• [Work order] From the line with "CoverCity DVD Covers Labels Bros" to the line with "Ultracare Acid Cleaner Ultracare", retype each line exactly as it stands in the records below, but skip the pictures.

• [Study material]
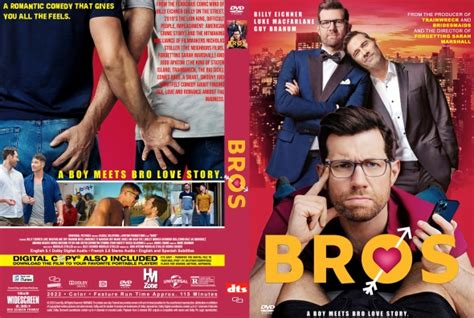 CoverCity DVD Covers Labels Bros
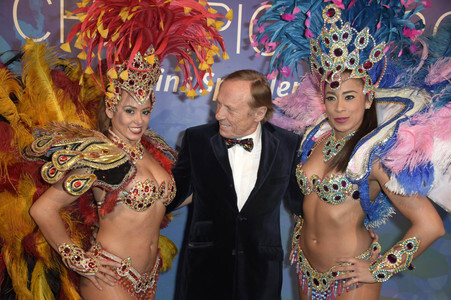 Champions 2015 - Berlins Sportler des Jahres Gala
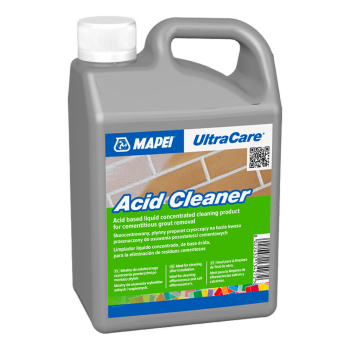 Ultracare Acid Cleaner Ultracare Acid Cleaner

...

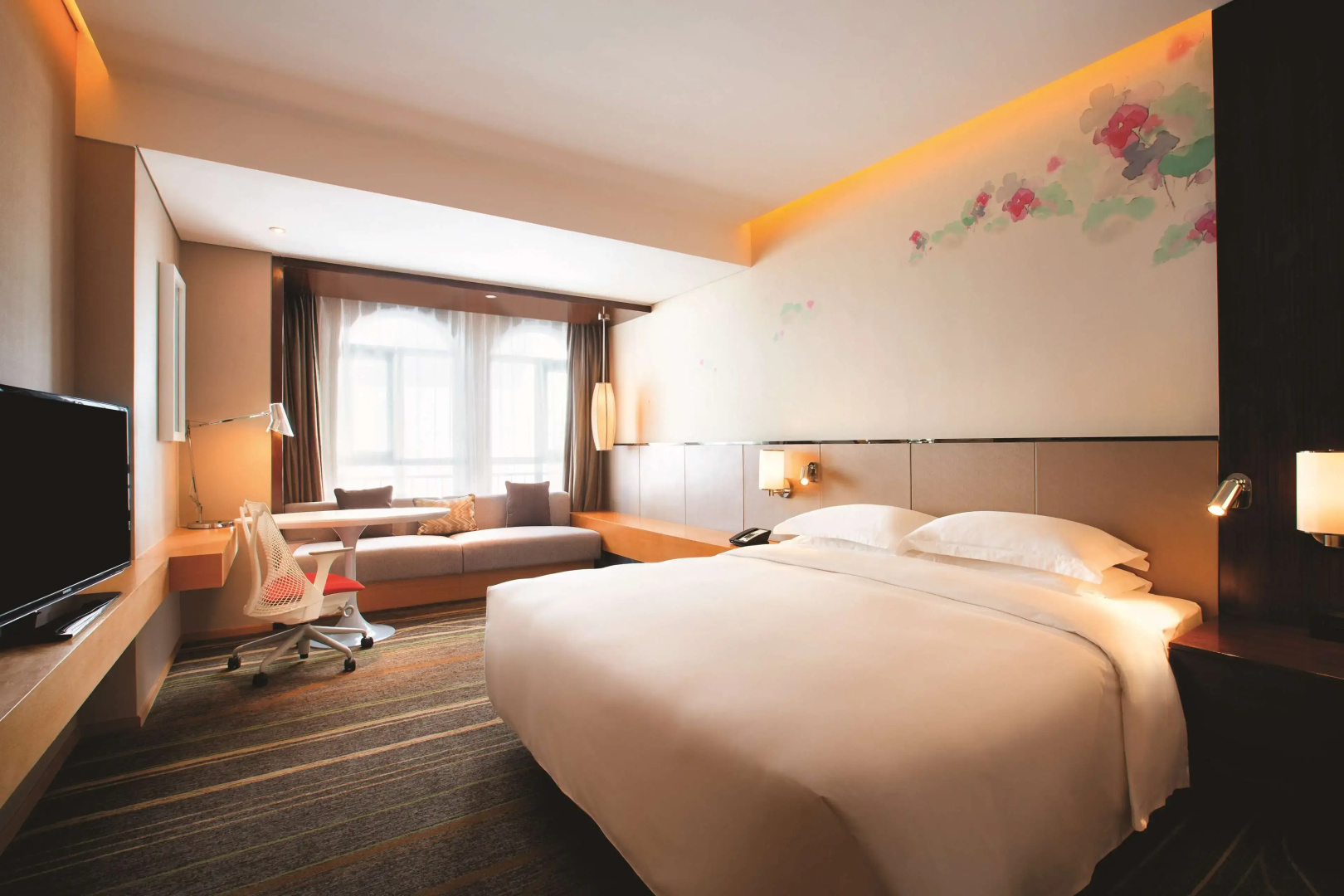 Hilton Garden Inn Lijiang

• [Answer box]
 CoverCity DVD Covers Labels Bros
 Champions 2015 - Berlins Sportler des Jahres Gala
 Ultracare Acid Cleaner Ultracare Acid Cleaner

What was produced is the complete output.